Fethullah Gülen’s movement, inspired in part by Saïd Nursî, had originally sought a middle path—which some might call opportunist—adopting the slogan of “Modernization through Islam.” According to Gülen, the cause of Turkey’s backwardness was not Islam, but rather its scientific and technological under-development. With this rhetoric, Gülen was able to build a sizable following among rural populations as well as the Anatolian petite bourgeoisie. During the days when the United States government was actively supporting Islamist movements as a bulwark against communism, Gülen was a direct beneficiary, gaining influence with the CIA-backed military coup of 1980. Unlike Necmettin Erbakan, who advocated conservative Islam as a political position, Gülen did not aim to build an Islamist party, but rather to infiltrate the apparatuses of the state in order to use them for his own ends.
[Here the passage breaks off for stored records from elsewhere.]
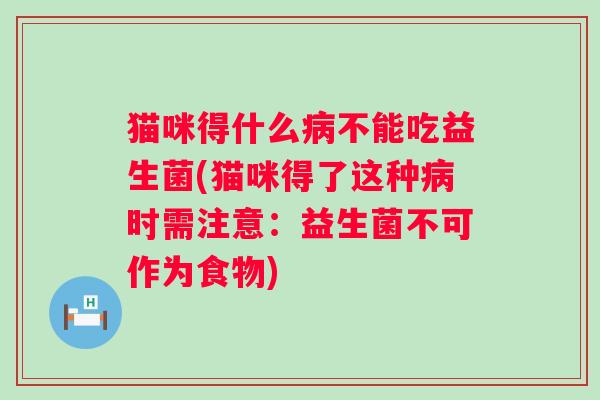 猫咪得什么不能吃益生菌(猫咪得了这种时需注意:益生菌不可作为食物) 猫咪得什么不能吃益生菌(猫咪得了这种时需注意:益生菌不可作为食物)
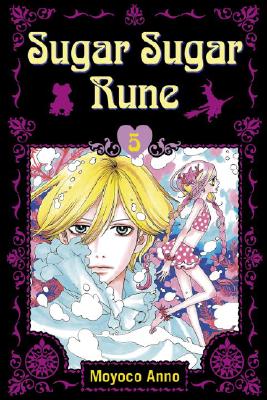 Sugar Sugar Rune: Volume 5 - Anno, Moyoco, and Laterman, Kaya (Translated by)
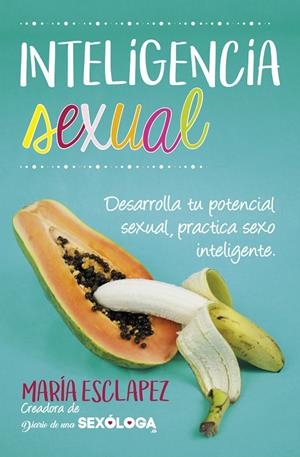 Inteligencia sexual | 9788416002856 | María Esclapez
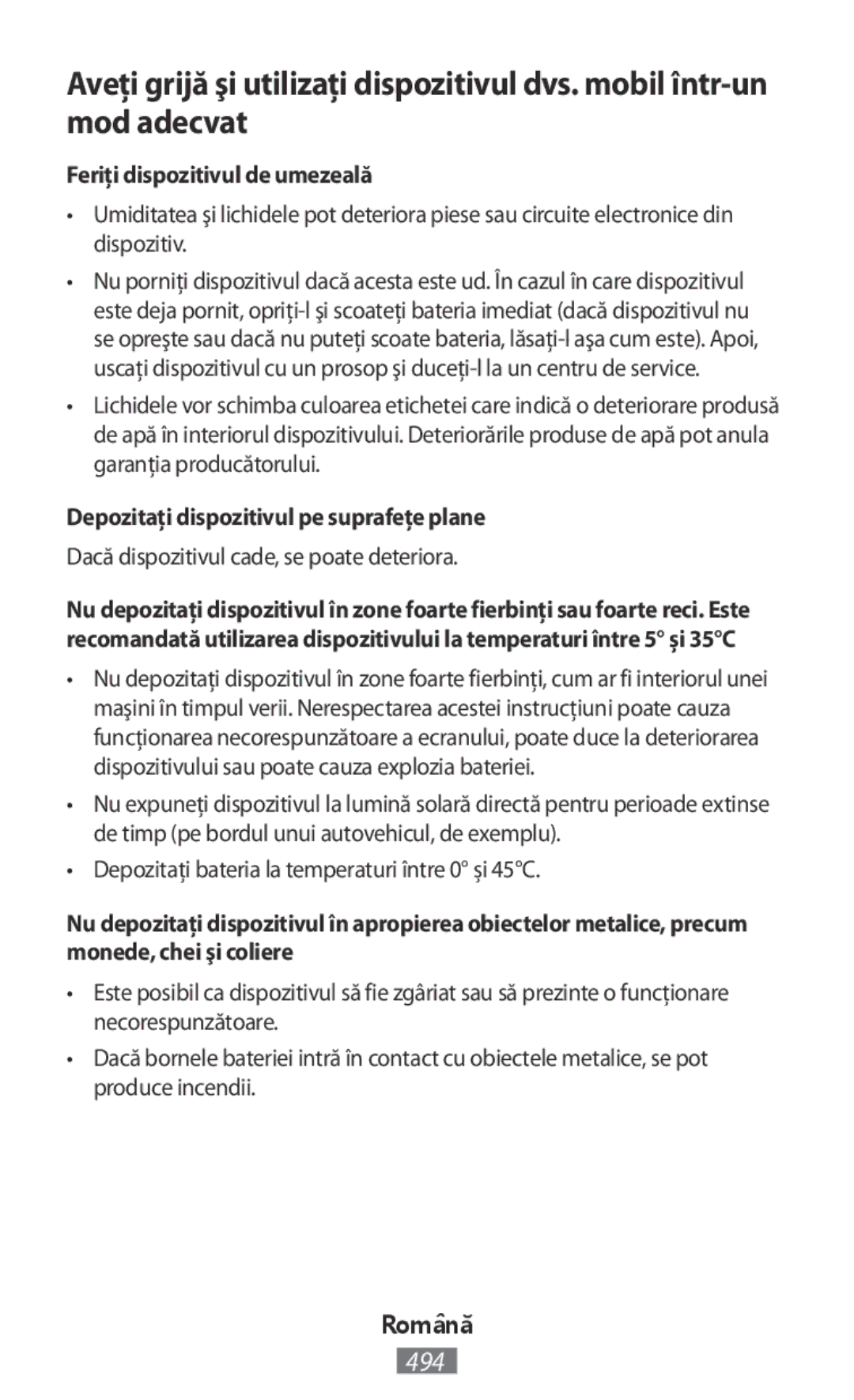 Samsung SM-N9005ZWESFR, SM-G3815RWAVGR manual Feriţi dispozitivul de umezeală, Depozitaţi dispozitivul pe suprafeţe plane 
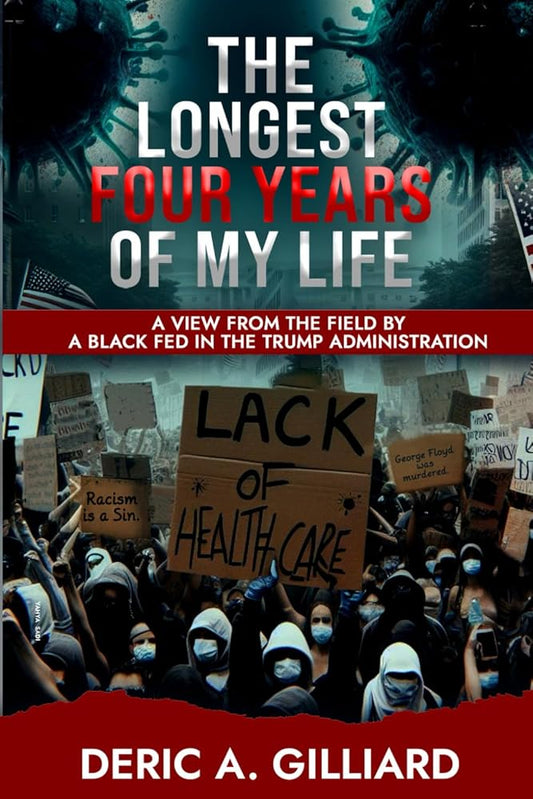 The Longest Four Years of My Life: A View from the Field by a Black Fed in the Trump Administration cover image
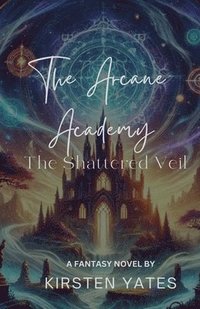 bokomslag The Arcane Academy - The Shattered Veil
It was their shared rivalry with Erbakan that made Gülen an ally of Erdoğan.
Erdoğan’s rapprochement with the Muslim Brotherhood began driving the two apart, and Gülen’s ill-advised 2016 coup—perhaps a product of the messianic pretensions of a man who believed he speaks to the Prophet Mohammed in his dreams—gave the Turkish leader the excuse he needed to declare a state of exception. Since 15 July 2016, there have been over 50,000 arrests in Turkey, and nearly 200,000 public employees have been fired. Journalists, writers, and members of Kurdish parties have been put in prison. Believing himself to be encircled by internal and external enemies, Erdoğan has become determined to allow no opposition to exist within Turkey. The Turkish state must become the state of Erdoğan’s own partisans, that is, nationalists and Islamists.
Erdoğan’s split personality—believing himself at once all-powerful and constantly under siege—captures Turkey’s contradictory nature as well as anything. As with so many other political projects in Turkish history, his AKP party may have once begun with liberal aims. Today, however, these hopes have gone the way of so many others in the history of the Turkish Republic.